Cosmos and History, Vol 7 No 1

October 14, 2011

I didn’t realize it was available and am not sure how long it has been up.

By clicking HERE you can find all the open-access goodies of the latest issue of Cosmos and History, based largely on the outstanding conference in Dundee in March 2010.

Don’t miss the very clear Editors Introduction by Michael O’Neill Burns and Brian Smith. That’s the right place to start.

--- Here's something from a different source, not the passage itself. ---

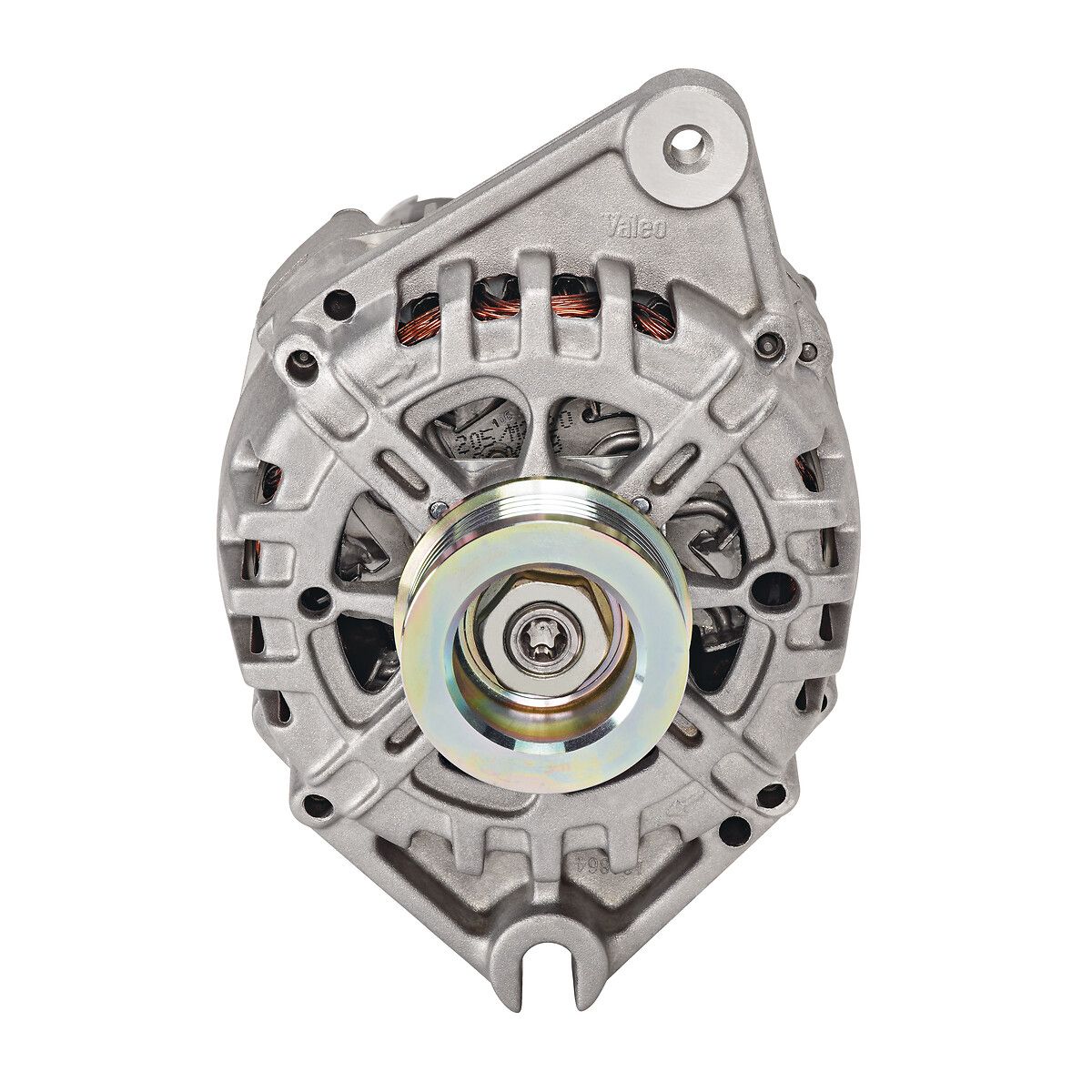 Alternator Kangoo 1,6 08> | VALEO 439659 | OEM 8200622004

The issue includes my article on Metzinger, but that’s not the lecture I gave in Dundee. In Dundee I spoke about Ladyman & Ross, but since I had already sent that piece off to a journal (Environment and Planning D: Society and Space) before realizing that there would be a special Dundee conference journal issue, I wrote a substitute paper for them about Metzinger.

Abstract of my article:

“Abstract: This article provides a critical treatment of the ontology underlying Thomas Metzinger’s Being No One. Metzinger asserts that interdisciplinary empirical work must replace ‘armchair’ a priori intuitions into the nature of reality; nonetheless, his own position is riddled with unquestioned a priori assumptions. His central claim that ‘no one has or has ever had a self’ is meant to have an ominous and futuristic ring, but merely repeats a familiar philosophical approach to individuals, which are undermined by reducing them downward to their material underpinnings, and ‘overmined’ by reducing them upward to their functional effects. Ultimately, Metzinger blends a rigid form of traditional materialism with an ontology of processes and events that is too reminiscent of late 1990’s continental philosophy. In both directions, the novelty and fertility of Metzinger’s position can be called into question.”